Home > Roles of Local Government
Local governments are an accepted layer of government throughout the world, in democracies, theocracies, monarchies; in countries with economies that operate on the free market system, as well as those where economic activity is tightly controlled by the government.
Local governments emerged as people moved in close proximity to each other to facilitate commerce, share a common defense, and take advantage of other amenities made possible by population density. It is a generally accepted principle of government structure and functions that areas supporting greater numbers of people generally need different levels of services and different regulations than areas that are more rural.
Local governments are considered by the courts as “creatures of the state,” meaning that the state government, through its constitution or laws, empower local governments and define their structure. Cities, villages, counties, school districts, special districts—and townships—exist because Michigan’s Constitution either allows or requires the legislature to authorize these entities to perform specific functions for their inhabitants and other property owners. If the provisions of the Constitution or state laws that enable these local governments to function were to be repealed, those local government entities would disappear, and their services and programs would either also disappear or be reassigned to some other entity.
For the sake of argument, all local governments could be done away with and their programs and services be delivered by the state or some regional entity. However, political pressures to provide the same services to all people regardless of the need or ability to fund—what public policy experts call “homogenization of services” would drive up the cost of government for everyone, and the resulting quality and quantity of services would not likely fit local circumstances and needs in many areas. Stakeholders would have little influence on decisions affecting them, just as is the case for issues currently under the auspices of the state and federal government. Individuals would feel little or no “ownership” or responsibility for the greater public good.
Because Michigan’s local governments are governed by public bodies and officials that are elected by voters, the residents of local governments strongly influence the provision of local government services, the quality and quantity of those services, the rates of taxation to pay for those programs and services, the scope of local regulations on personal behavior and other activities, and how governance is actually performed.
Voters decide at regularly scheduled elections who will sit on governing boards and who will hold offices that are designated by state law or local charters to be determined by election rather than appointment. Elected officials make decisions within the scope of authority provided to their offices by using their best judgment or by the influence of voters and other persons whose opinions are persuasive or who can wield political power and who can impact the outcome of elections. Elected officials are accountable to the voters, who decide whether they shall continue in office when they stand for reelection. For egregious breaches of the public trust, public officials can be removed from office prior to their term end through the recall process.

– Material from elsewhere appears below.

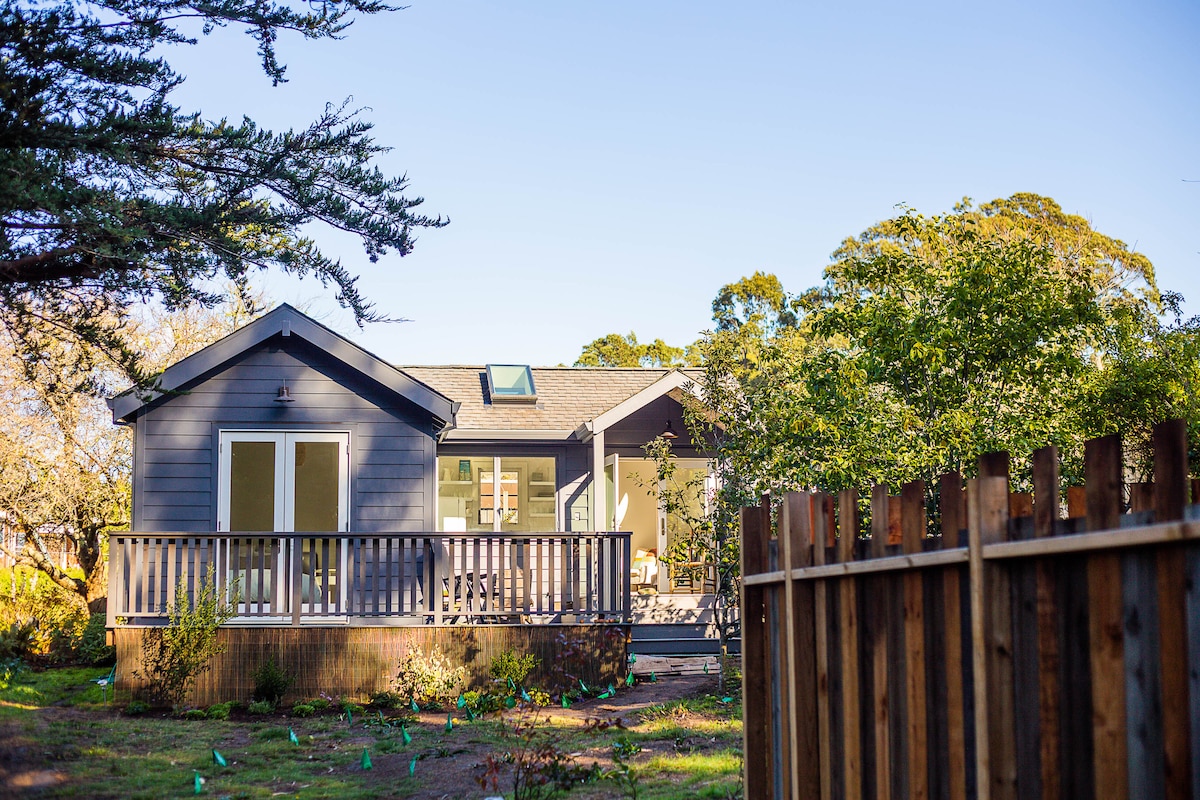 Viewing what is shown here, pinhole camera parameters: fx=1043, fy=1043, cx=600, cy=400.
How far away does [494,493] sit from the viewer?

Local governments provide many opportunities for individuals to directly participate in decisions and in the delivery of programs and services.

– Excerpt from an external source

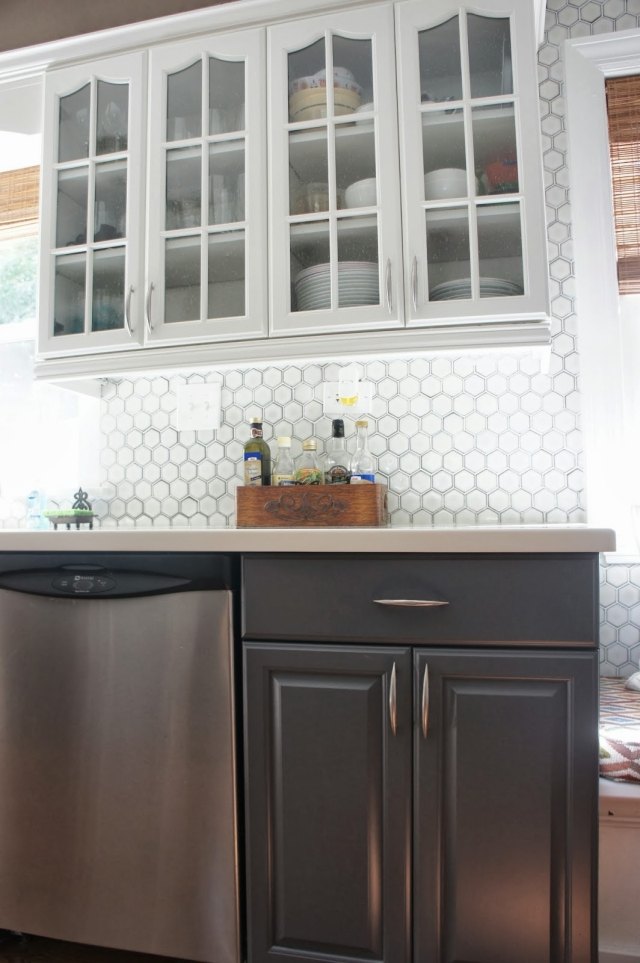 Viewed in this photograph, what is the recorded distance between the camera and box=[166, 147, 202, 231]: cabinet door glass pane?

Laws requiring transparency in decision-making, sometimes called “sunshine laws,” require local governments to open their meetings to members of the public and to allow any person to address the public body. Michigan’s Open Meetings Act provides a framework for the public to address governmental entities, consistent with rules adopted by the public body. The Freedom of Information Act allows individuals to inspect and obtain copies of public documents, again according to rules and procedures provided for in the Act.
The Citizens Research Council of Michigan is an outstanding source of information helpful to people who want to know more about state and local government and important current policy issues. The CRC’s first executive director, Lent Upson, emphasized that, the right to criticize government is also an obligation to know what you are talking about.
Local governments have an obligation to inform their residents about important issues, so many offer websites on which current information on local issues are posted, as well as to inform the public how to contact local officials to obtain additional information. Unfortunately, in rural Michigan there are still many areas were broadband internet connectivity is not available and that limitation prevents many rural communities from taking advantage of social networking and web-based communications. Many communities provide newsletters to keep their residents informed. Additional information on civic engagement is available by clicking here.
Many public bodies welcome stakeholders to participate in advisory committees and there are opportunities for individuals to be appointed to various boards and commissions that are empowered by law to make binding decisions. Examples include boards of review that hear appeals of property valuation determines made by the local governments property tax assessor; planning commissions that develop a comprehensive community growth plan and make zoning decisions on land uses consistent with that plan; and various other statutory boards and commissions such as a zoning board of appeals, salary and compensation commission, historical commission, or downtown development authority.
Individuals can influence some local government decisions when state law provides that a decision is subject to referendum, which is the right to circulate a petition to have a government decision be submitted to the voters at an election. There are also some limited opportunities in state law for electors, registered voters or property owners to submit petitions to initiate a decision not previously acted on by a governing body. And, of course, voting at elections is a fundamental right to participate in the democratic process. Some people contend that voting is not only a right, but an obligation. While the outcome of any lawful election is binding, many people would agree that when a large number of people vote the outcome is more likely to reflect the true will of the people.
Civic engagement also includes the opportunity to run for public office. Local communities vary in the level of competition for seats on elective boards and commissions. In townships, interested registered voters can run for the township board that governs the overall township operations, or the library board or park commission that oversees narrower functions, if one has been established. Some townships still have constables, an elective office with limited law enforcement responsibilities.
Most local governments also offer volunteer opportunities that are either short-term or longer term engagements to assist in the direct delivery of programs and services. One of the most valuable volunteer experiences is service on the local government’s fire department. Larger local governments generally do not have volunteers involved in their fire departments, but smaller entities augment their career fire fighters or rely entirely on persons who respond to emergencies when summoned by radios or pagers. State law requires extensive training prior to engaging in fire suppression activities. Some communities pay their “first responders” on a per call basis, but others still operate on a non-compensated, strictly voluntary basis.
Local governments also offer shorter-term volunteer opportunities such as park and cemetery beautification projects, recycling or clean-up days, or volunteering at festivals and holiday celebrations.